Gerhard Ernest Untermann, Sr. (1864–1956) was a German-American seaman, socialist author, translator, newspaper editor. In his later life he was Director of the old Washington Park Zoo in Milwaukee, a geologist, fossil hunter, and artist.

Biography

Early years
Ernest was born in Brandenburg, Prussia (Germany) on November 6, 1864. He studied geology and paleontology at the University of Berlin. Upon graduation, he later recalled that he was "drafted into the great army of the unemployed before I had done a stroke of useful work. Society had trained me for intellectual tasks, but had failed to provide for employment." Untermann took work as a deckhand on a German steamer sailing to New York City, and thus he was exposed to America for the first time. Untermann subsequently took several trips around the world working on German, Spanish, and American sailing vessels. In the course of his nautical adventures, Untermann was shipwrecked three times, thus exposing him to life in the Philippine Islands and China firsthand. In the third incident, he narrowly escaped with his life when his own vessel went down in the North Sea.

Following these events, Untermann was briefly in the German military, an interlude which he later recalled to be decisive in his political radicalization:
"I had learned the truth of economic determinism and of the class struggle without knowing these terms. But I still clung to the illusion of patriotism. The drillmasters of Billy the Versatile cured me of that. The class line in all its brutal nakedness became visible to me. The tyrannical and insolent arrogance of the demigods with shoulder straps roused my spirit of independence to its climax. An affront, a blow, a courtmartial, closed my military career and fixed in my mind one aim — the abolition of the ruling class."

Untermann briefly returned to the University of Berlin for post graduate courses, but later said this only "showed me the rottenness of the intellectual elite of Germany." Still, it was at this time that Untermann first came into contact with the Social Democratic newspaper Vorwärts ("Forward") and various other Marxist books and leaflets, which gave concrete political form to his emerging radicalism.

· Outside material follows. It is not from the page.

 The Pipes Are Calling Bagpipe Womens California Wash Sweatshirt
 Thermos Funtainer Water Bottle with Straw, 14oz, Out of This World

Untermann emigrated to America and joined the merchant marine, spending the next 10 years on board ships plying the South Seas trade routes. He became a US citizen in 1893.

Socialist years
Untermann was a member of the Socialist Labor Party of America (SLP) in the 1890s before leaving to join the Socialist Party of America (SPA).

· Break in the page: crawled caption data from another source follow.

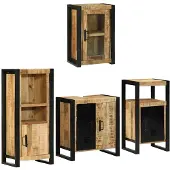 vidaXL Badkamermeubel Set 4 st Bruin 55 x 35 x 60 cm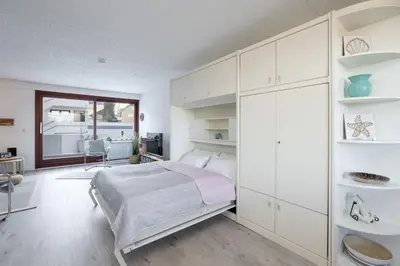 Ein Bett oder Betten in einem Zimmer der Unterkunft Sea-Loft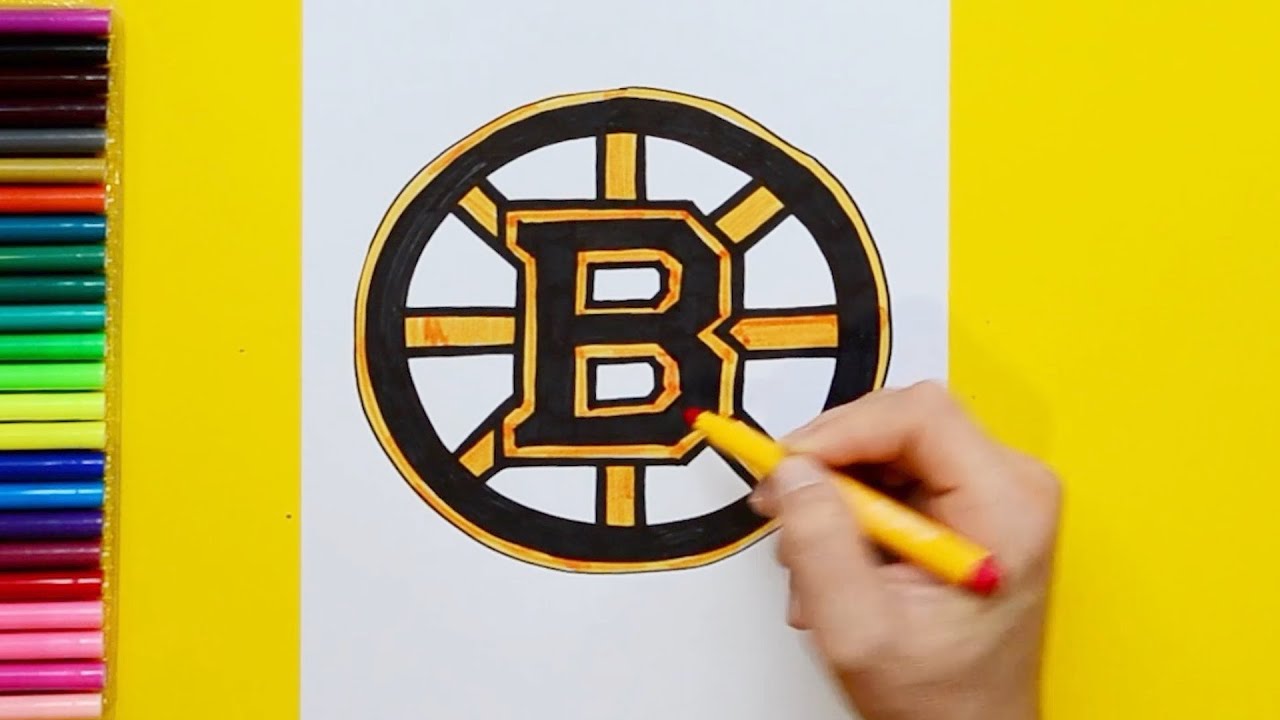 How to draw Boston Bruins Logo (NHL Team)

Untermann was a regular contributor to Algie Simons' dissident SLP newspaper The Workers Call, published in Chicago. When Simons moved to Chicago to assume the editorship of International Socialist Review in 1900, a monthly published by the pioneer American Marxist publishing house, Charles H. Kerr & Co., Untermann became a frequent contributor to that publication as well. Untermann earned his keep as an associate editor for J.A. Wayland's mass circulation socialist weekly, The Appeal to Reason in 1903.

Untermann was the first American translator of Karl Marx's Das Kapital, beginning work on the massive project in the spring of 1905 while living on a chicken farm in Orlando, Florida and completing translations of volumes 2 and 3 for Kerr in 1907 and 1909, respectively. He also translated other socialist works for an American audience, including the memoirs of Wilhelm Liebknecht and August Bebel as well as The Origin of the Family, Private Property, and the State, by Frederick Engels. In addition to translations from German and Italian, Untermann wrote original works on Economics and Natural History. Untermann's books included Science and Revolution (1905), The World's Revolutions (1906),  Marxian Economics: A Popular Introduction to the Three Volumes of Marx's Capital (1907).

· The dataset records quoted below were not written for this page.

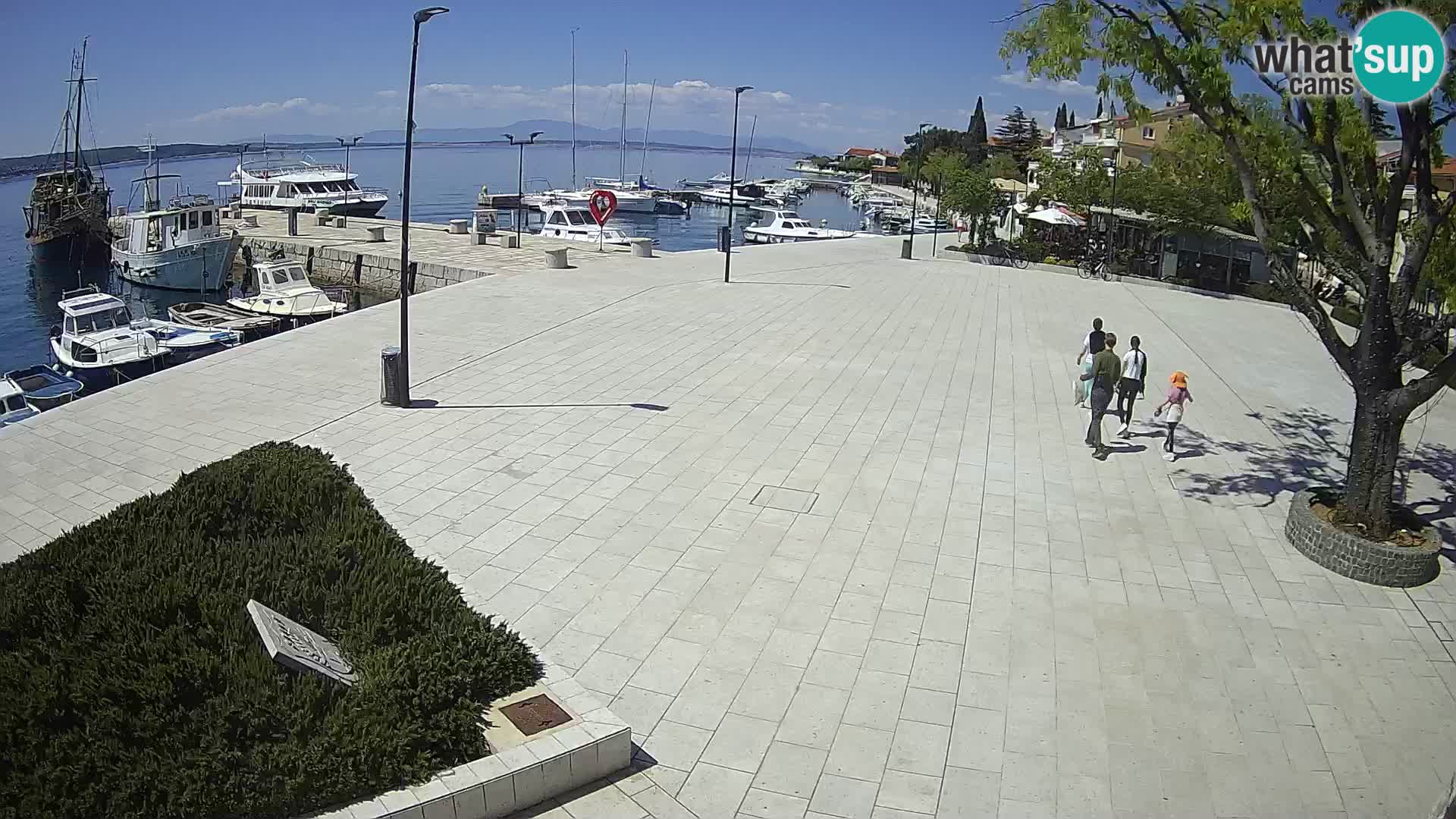 Web kamera Selce panorama – Pogled s apartmana Lela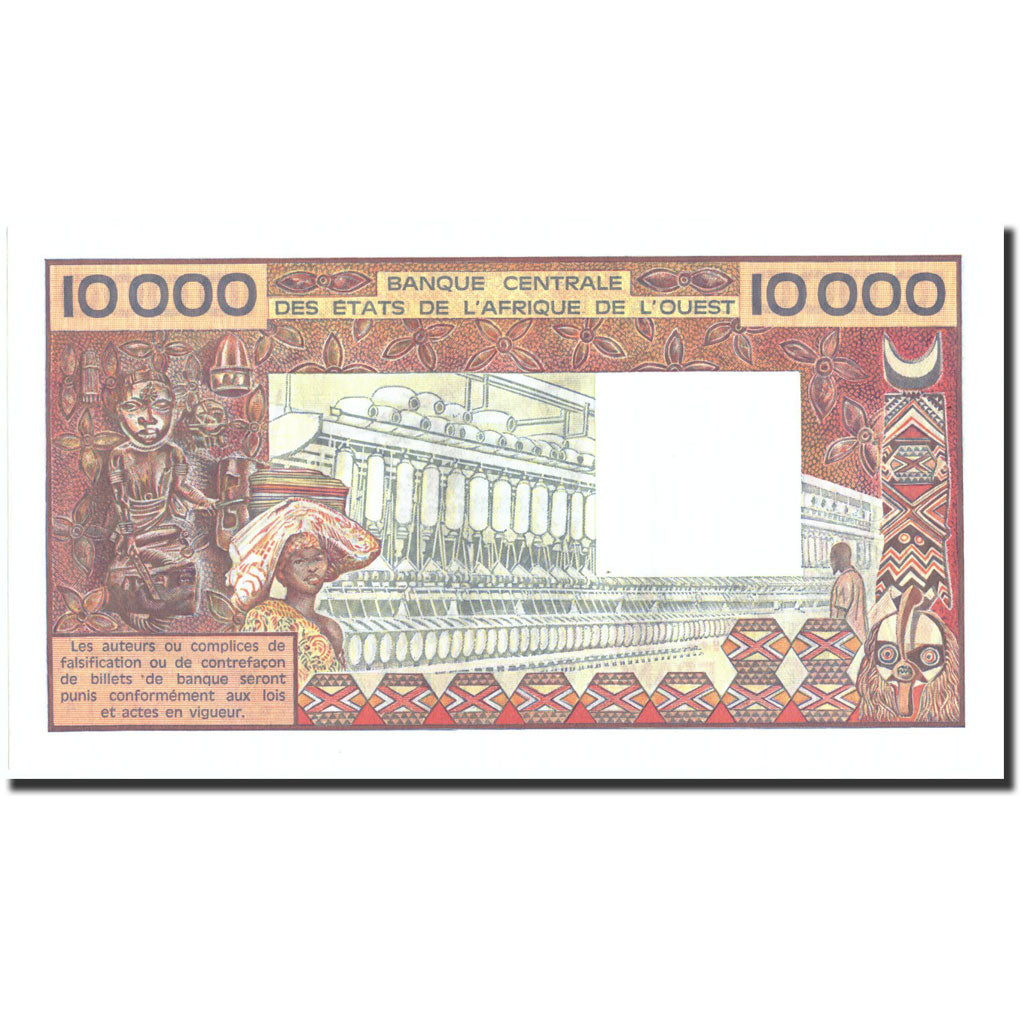West African States, 10,000 Francs, Undated (1977-92), KM:109Ak, UNC(65-70)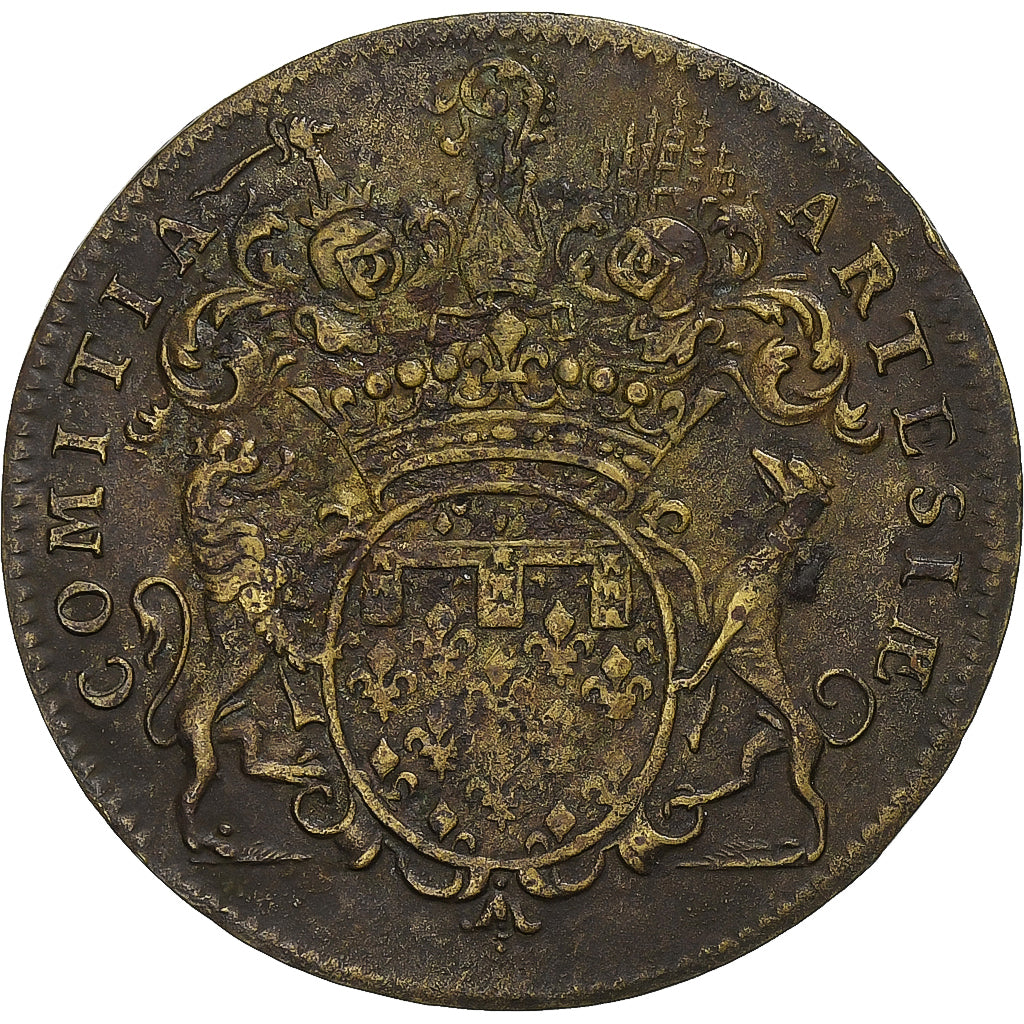Francia, ficha, Louis XV, États d'Artois, ND (1732), Ottone, BB+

Untermann professed an adherence to the thinking of Karl Kautsky and Joseph Dietzgen. He held that science had a class basis and drew very radical conclusions from this premise without hesitation or pulling of punches, writing in his 1905 book, Science and Revolution, that

"I speak as a proletarian and a socialist. I make no pretense to be a scientist without class affiliation. There has never been any science which was not made possible, and which was not influenced, by the economic and class environment of the various scientists. I am, indeed, aware of the fact that there are certain general facts in all sciences which apply to all mankind regardless of classes. But I am also aware of the other fact, that the concrete application of any general scientific truth to different historical conditions and men varies considerably, because abstract truths have a general applicability only under abstract conditions, but are more or less modified in the contact with concrete environments."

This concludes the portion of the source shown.